THE PROBLEM »
Copy out the entries below exactly as they stand, but only from the line containing "Miles of trails" through the line containing "Near Koi - Showa Good Quality 30cm".

[Stored data entries]

....................

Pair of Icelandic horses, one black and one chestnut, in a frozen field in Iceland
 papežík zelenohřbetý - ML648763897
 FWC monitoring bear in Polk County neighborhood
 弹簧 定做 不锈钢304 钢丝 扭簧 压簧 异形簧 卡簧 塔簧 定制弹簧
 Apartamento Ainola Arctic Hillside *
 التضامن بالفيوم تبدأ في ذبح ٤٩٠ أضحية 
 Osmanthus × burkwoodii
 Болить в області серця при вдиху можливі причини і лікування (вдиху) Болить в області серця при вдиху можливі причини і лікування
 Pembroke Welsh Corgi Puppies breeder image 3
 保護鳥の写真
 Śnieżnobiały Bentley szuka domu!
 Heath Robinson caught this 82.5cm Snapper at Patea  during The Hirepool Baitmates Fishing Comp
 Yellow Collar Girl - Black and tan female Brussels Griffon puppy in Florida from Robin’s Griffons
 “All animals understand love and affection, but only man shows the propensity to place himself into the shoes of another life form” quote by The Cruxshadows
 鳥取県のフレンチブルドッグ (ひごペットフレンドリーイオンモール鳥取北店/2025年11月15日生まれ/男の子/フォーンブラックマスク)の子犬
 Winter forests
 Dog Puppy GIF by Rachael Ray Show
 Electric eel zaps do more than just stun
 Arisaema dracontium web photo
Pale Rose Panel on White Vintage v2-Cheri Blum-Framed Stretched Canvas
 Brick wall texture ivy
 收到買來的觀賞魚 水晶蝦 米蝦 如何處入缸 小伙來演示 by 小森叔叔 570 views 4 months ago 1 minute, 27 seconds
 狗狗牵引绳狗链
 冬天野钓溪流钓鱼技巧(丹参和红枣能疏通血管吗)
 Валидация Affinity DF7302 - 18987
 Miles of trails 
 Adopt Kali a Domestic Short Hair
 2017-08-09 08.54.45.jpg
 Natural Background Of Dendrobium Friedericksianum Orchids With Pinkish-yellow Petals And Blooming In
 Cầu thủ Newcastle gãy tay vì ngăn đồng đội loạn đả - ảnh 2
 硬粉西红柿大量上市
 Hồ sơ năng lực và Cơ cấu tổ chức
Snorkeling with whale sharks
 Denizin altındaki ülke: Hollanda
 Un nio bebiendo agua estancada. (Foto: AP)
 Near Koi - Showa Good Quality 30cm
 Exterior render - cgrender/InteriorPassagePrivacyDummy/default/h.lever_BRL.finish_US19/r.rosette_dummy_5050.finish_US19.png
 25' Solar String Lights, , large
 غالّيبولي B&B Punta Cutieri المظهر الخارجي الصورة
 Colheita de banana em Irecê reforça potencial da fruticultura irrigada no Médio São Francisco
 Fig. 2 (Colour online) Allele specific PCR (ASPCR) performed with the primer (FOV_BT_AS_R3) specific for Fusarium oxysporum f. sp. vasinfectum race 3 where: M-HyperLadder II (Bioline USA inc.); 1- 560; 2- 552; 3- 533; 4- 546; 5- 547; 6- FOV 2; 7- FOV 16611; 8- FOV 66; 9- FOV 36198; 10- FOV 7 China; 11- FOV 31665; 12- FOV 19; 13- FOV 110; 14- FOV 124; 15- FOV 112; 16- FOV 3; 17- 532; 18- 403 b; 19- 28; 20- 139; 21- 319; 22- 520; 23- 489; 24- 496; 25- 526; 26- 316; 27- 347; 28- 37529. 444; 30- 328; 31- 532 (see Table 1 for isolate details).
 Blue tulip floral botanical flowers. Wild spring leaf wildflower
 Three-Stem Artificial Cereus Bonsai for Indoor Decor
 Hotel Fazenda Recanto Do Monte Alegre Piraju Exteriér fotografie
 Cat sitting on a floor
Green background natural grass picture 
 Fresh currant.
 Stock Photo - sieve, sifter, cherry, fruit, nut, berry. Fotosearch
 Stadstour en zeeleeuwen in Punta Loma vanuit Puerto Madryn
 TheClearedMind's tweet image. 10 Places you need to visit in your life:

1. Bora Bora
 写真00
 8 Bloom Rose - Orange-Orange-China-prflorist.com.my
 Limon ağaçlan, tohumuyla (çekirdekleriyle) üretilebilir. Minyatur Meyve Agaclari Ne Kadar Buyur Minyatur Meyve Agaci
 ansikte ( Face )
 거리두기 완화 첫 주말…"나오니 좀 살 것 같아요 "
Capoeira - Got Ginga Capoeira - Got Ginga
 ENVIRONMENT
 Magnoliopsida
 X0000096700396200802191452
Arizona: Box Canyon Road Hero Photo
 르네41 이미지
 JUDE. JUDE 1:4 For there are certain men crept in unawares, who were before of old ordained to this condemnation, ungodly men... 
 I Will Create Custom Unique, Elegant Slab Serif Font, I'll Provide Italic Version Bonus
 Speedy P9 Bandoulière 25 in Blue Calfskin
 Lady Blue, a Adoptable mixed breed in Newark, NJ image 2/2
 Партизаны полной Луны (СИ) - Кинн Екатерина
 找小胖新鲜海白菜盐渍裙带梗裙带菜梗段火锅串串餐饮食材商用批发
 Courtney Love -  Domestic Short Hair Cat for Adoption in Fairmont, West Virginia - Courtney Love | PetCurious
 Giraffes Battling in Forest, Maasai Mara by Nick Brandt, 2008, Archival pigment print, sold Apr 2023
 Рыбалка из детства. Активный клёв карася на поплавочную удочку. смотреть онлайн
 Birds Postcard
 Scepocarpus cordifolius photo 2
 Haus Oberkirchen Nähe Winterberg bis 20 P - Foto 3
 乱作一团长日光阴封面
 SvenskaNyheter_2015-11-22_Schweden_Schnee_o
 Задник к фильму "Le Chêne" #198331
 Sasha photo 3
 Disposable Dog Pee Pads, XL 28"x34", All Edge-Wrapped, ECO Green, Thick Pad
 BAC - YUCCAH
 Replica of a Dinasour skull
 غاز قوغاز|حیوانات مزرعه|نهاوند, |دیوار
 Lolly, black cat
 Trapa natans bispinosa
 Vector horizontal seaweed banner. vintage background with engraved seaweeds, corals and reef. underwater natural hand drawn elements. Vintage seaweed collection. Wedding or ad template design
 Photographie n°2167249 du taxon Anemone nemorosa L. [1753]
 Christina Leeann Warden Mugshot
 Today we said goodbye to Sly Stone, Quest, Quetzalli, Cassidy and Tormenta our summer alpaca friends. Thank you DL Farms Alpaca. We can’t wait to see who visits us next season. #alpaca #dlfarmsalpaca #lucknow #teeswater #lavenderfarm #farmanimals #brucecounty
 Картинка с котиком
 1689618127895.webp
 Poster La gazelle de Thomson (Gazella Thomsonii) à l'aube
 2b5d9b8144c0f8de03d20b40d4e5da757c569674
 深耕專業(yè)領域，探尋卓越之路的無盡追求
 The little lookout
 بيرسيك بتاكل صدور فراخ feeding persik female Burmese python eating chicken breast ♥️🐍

....................

RESULT BELOW »
 Miles of trails 
 Adopt Kali a Domestic Short Hair
 2017-08-09 08.54.45.jpg
 Natural Background Of Dendrobium Friedericksianum Orchids With Pinkish-yellow Petals And Blooming In
 Cầu thủ Newcastle gãy tay vì ngăn đồng đội loạn đả - ảnh 2
 硬粉西红柿大量上市
 Hồ sơ năng lực và Cơ cấu tổ chức
Snorkeling with whale sharks
 Denizin altındaki ülke: Hollanda
 Un nio bebiendo agua estancada. (Foto: AP)
 Near Koi - Showa Good Quality 30cm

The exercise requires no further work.